On March 27, 2020, the President signed into law an amended version of H.R. 748, the Coronavirus Aid, Relief, and Economic Security Act (the "CARES Act" or "Bill"), a "Phase III" coronavirus economic stimulus package. On March 31, 2020 the Department of Treasury (the "UST") published further guidance on the CARES Act.

The small business lending provisions contained in the Bill are summarized below. The CARES Act also provides for tax, healthcare, cash payments and other relief designed to help businesses and their employees.
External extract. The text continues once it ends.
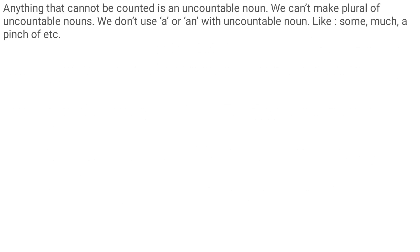Moving to the next slide. We have discussed countable nouns. Now we are going to discuss uncountable nouns. Anything that cannot be counted is an uncountable noun — the things which you cannot count are known as uncountable nouns.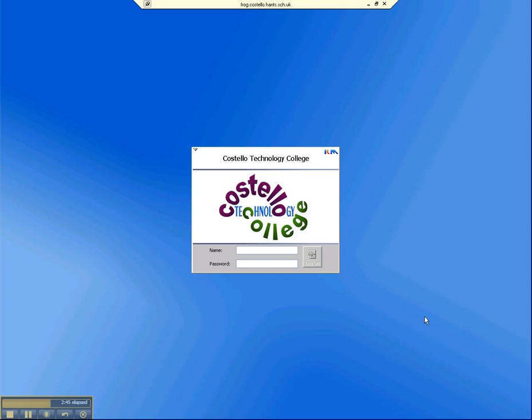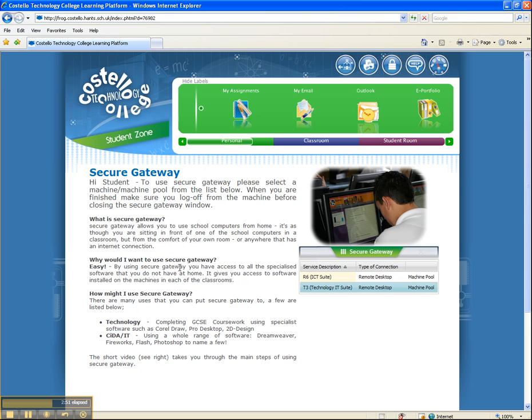And once you get back to the log on screen, you can then go through and click on the close window. And that's it. That's an introduction into our Secure Gateway service.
Small Business Administration Provision Highlights

  • Creates a new $350 billion "Paycheck Protection Program" with streamlined procedures for loans to small businesses;
  • Reduces the certification requirements for lending institutions to become SBA certified;
  • Reduces the requirements to qualify as a borrower for a 7(a) loan;
  • Increases funding for traditional 7(a) loans by $17 billion;
  • Increases the maximum loan amount of 7(a) loans to $10 million and reduces the applicable interest rates;
  • Streamlined and reduced diligence requirements for lenders and borrowers;
  • Provides subsidies and six months deferment for existing 7(a) loans; and
  • Provides 100% loan guarantees through December 31, 2020

CARES Act and the Paycheck Protection Program:

The $2 trillion stimulus package allocates roughly $350 billion to guarantee loans for small businesses through the Small Business Administration ("SBA") 7(a) loan program. The SBA currently guarantees approximately $25 billion in 7(a) program loans.

The CARES Act creates a new Paycheck Protection Program (the "Paycheck Program") for the covered period of February 15, 2020 until June 30, 2020. Congress has the authority to increase the covered period until the end of 2020 if the need should arise due to the pandemic. The UST and SBA anticipates that the funding cap will be reached, and encourages applicants to apply as soon as possible.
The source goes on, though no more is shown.